Recommender System

We want to build a content based recommender system for TV Shows based on the subtitle.

1. Content-based recommendation

Content based recommendation works by extracting features from documents and creating a profile for a user based on those features. If we have both these elements we can simply match a user to new TV Shows based on similarity measures like the cosine similarity.

2. Feature vectors for TV Shows

In our case, the features are the topics, and the feature vectors are exactly the output of our processing step. We have no work to do.

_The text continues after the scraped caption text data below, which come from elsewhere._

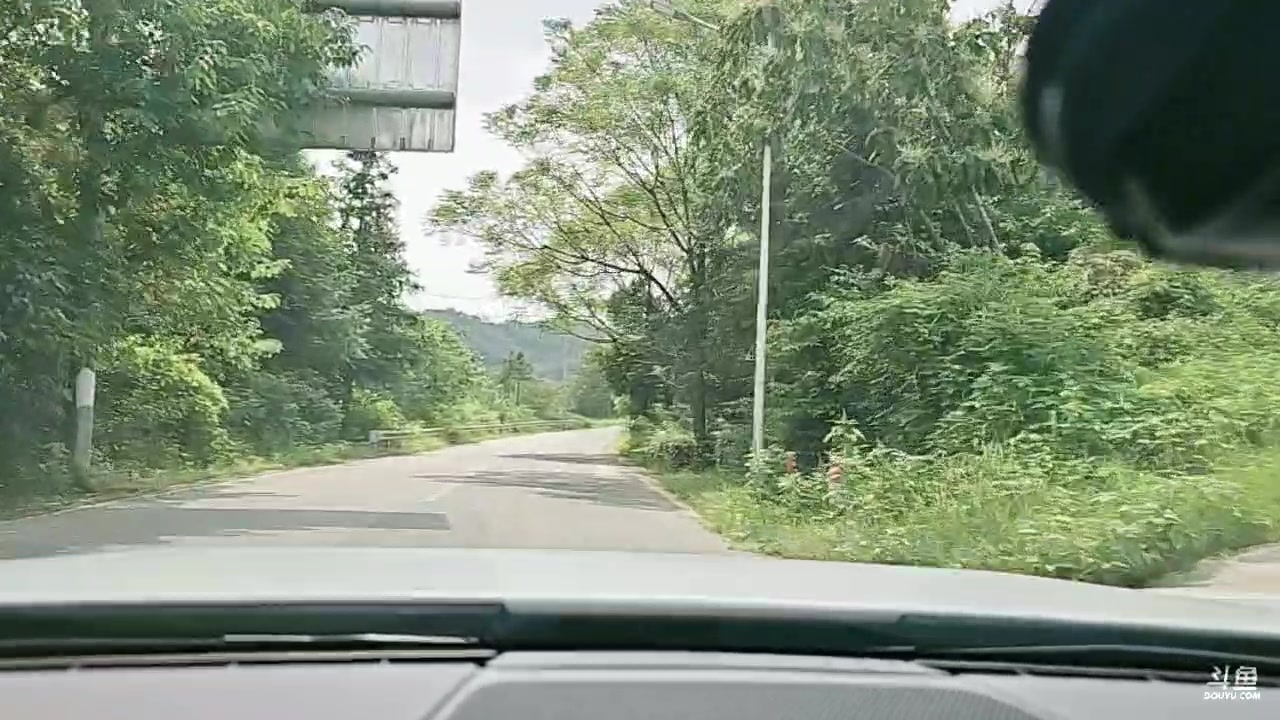 【2024-08-19 13点场】别问问就黑皮：下午2点直播哦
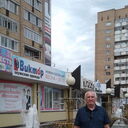  ,   , 65 ,   ,   
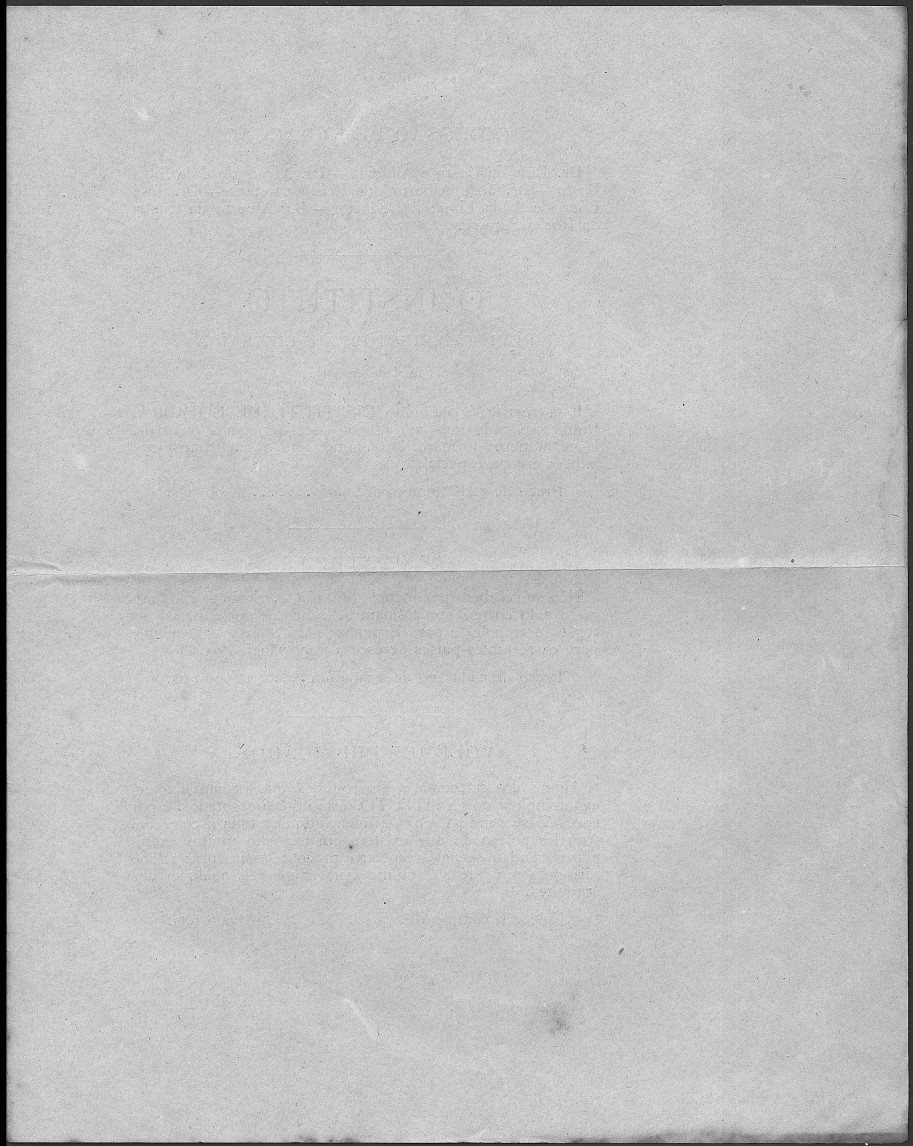 ca [297 KB] 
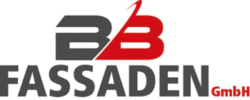 BB Fassaden GmbH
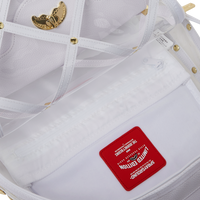 SPRAYGROUND® BACKPACK 75001 PARIS BACKPACK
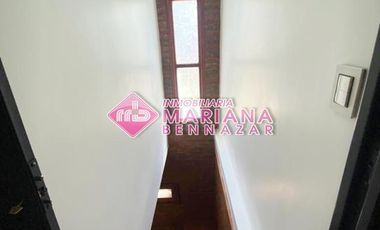 Casa en Venta - Baradero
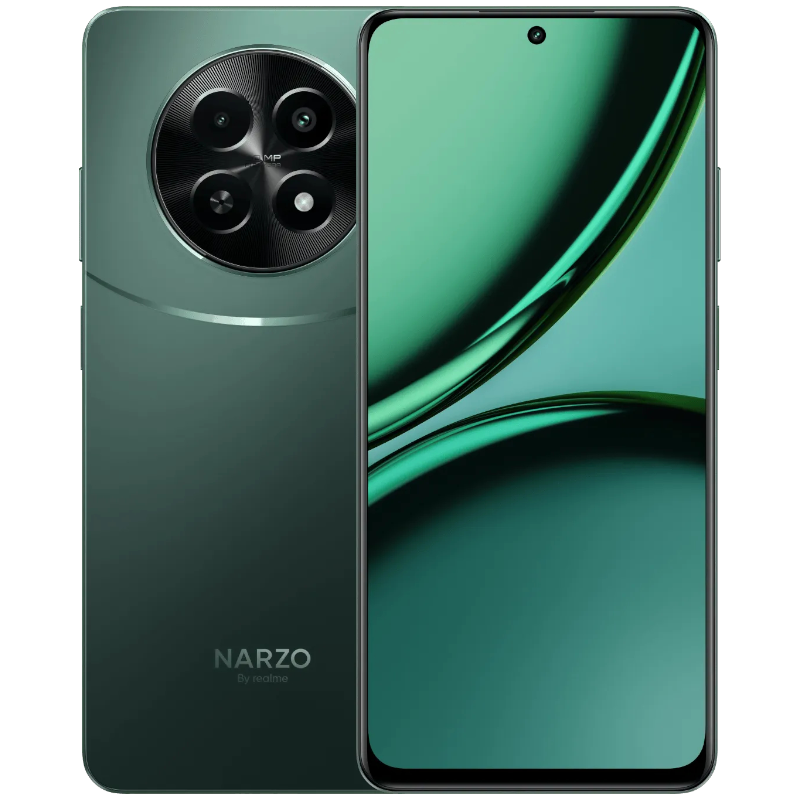 https://storage.alifshop.tj/media/images/alifshop/46954/realme-narzo-70h-6-128-gb-zelenyy-1767445221145.png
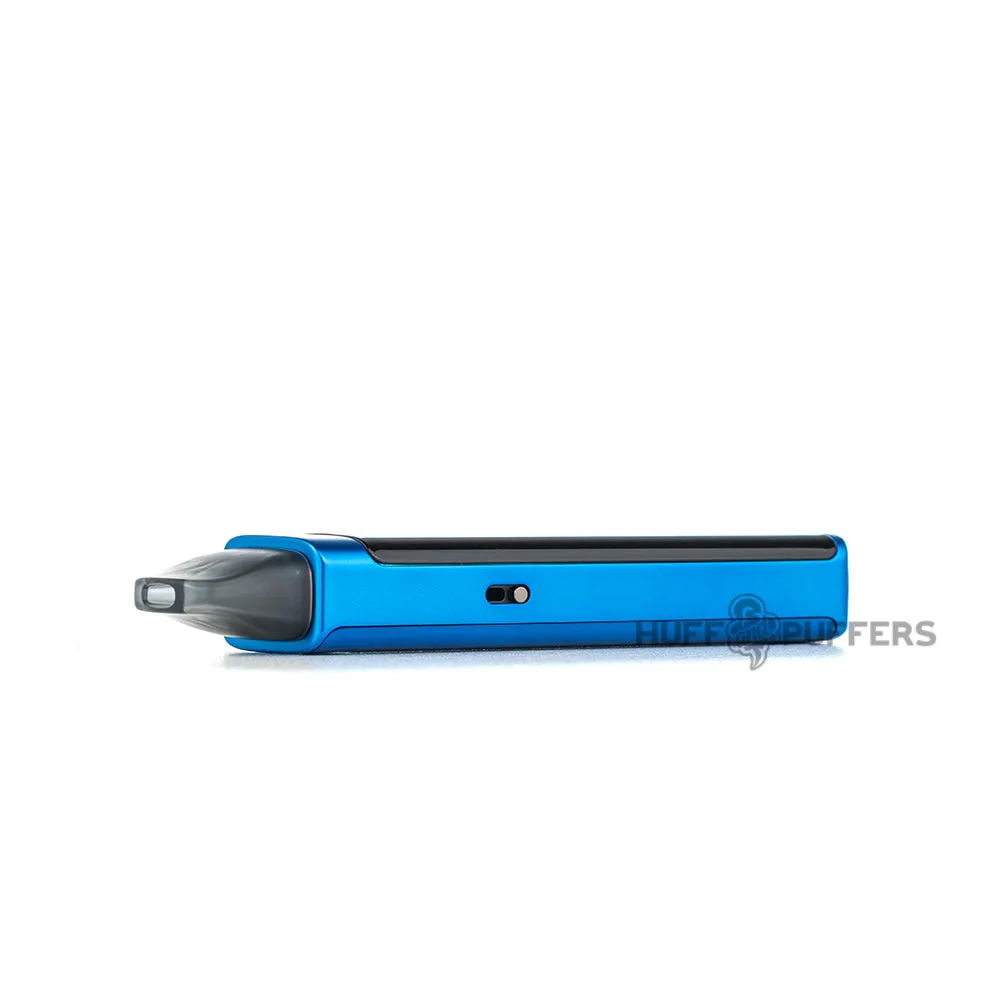 Uwell Caliburn G3 Pro Pod System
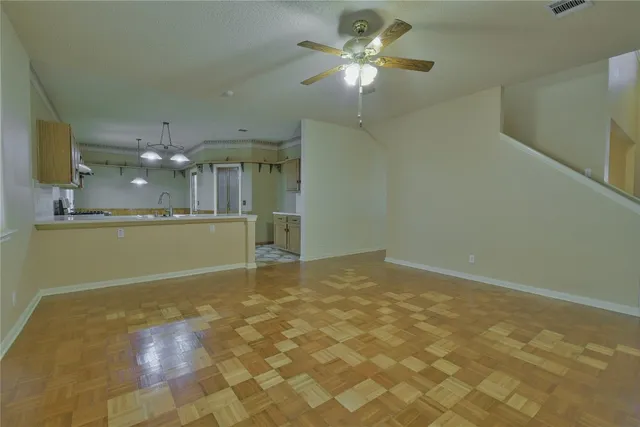 $448,000 | 1662 Jerusalem Drive, Round Rock, TX 78664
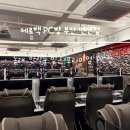 제로백피시방 | 연산동 제로백피시방 부산 연산점, 온천천 인근 프리미엄 PC방 다녀왔어요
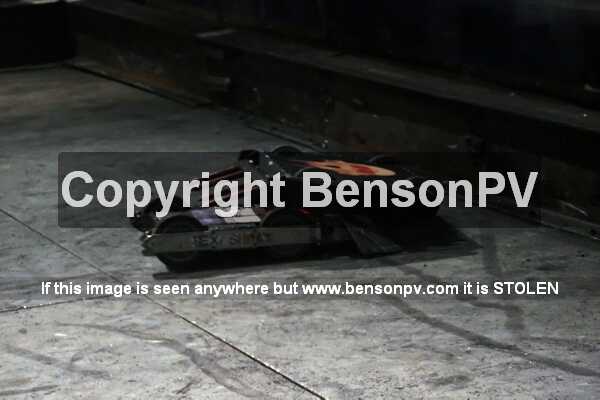 Click to See Next Image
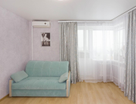 2-к. квартира, 60&nbsp;м²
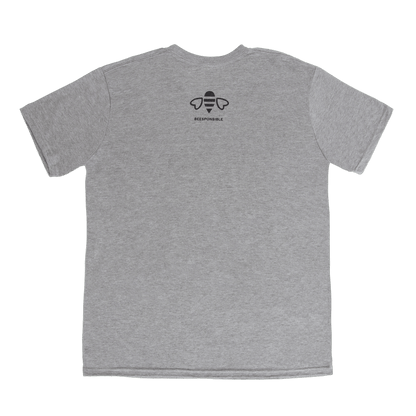 Don't Kill My Buzz T-shirt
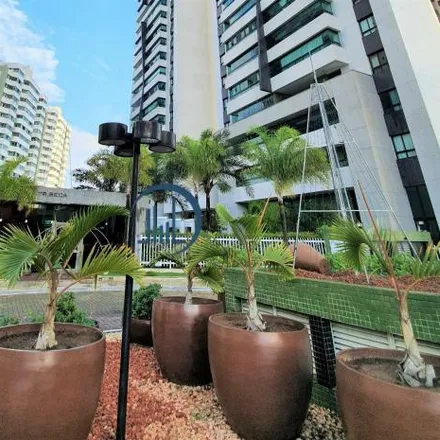 Image 2 - Avenida Luís Viana Filho, Pituaçu, Salvador - BA, 41745-005, Brazil - Apartment for sale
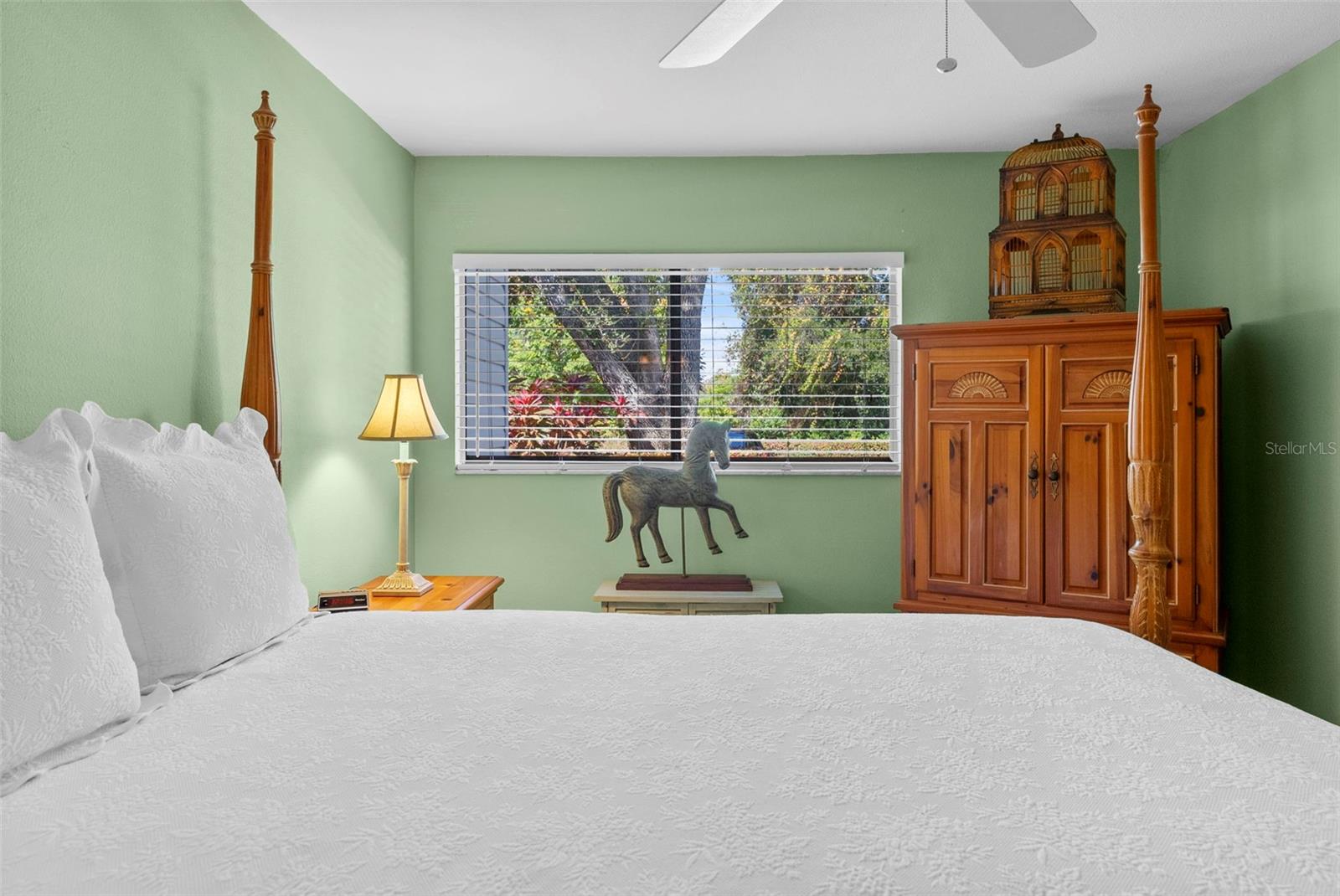 FOX CHASE WEST CONDO - Residential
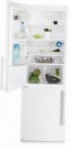 Electrolux EN 3601 AOW Refrigerator \ katangian, larawan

3. Feature vector for users

In this case, we need to have an input from the user : we need him to give us a list of TV Shows he likes. Based on this input, and the feature vectors from these TV Shows we can create a composite user profile.

4. Recommendation

Once we have this information, we have to find shows that are close in terms of topics to the users profile.

If U is the user profile vector (of dimension K, the number of topics), and Q is the the feature vector of some TV Show we can compute the similarity of these vectors by using the cosine metric :

cos(U,Q) = <U,Q>/||<U,Q>||

We can run on our dataset of TV Show a search to find the best match for the user U based on this simple metric.

5. Collaborative recommendations [Optional]

If we can, we would like to improve our recommender system by making collaborative recommendations. The goal here would be to make those recommendations more accurate. 

To achieve that, we could ask the user to rate the relevancy of the results he gets from the system and take this rating into consideration.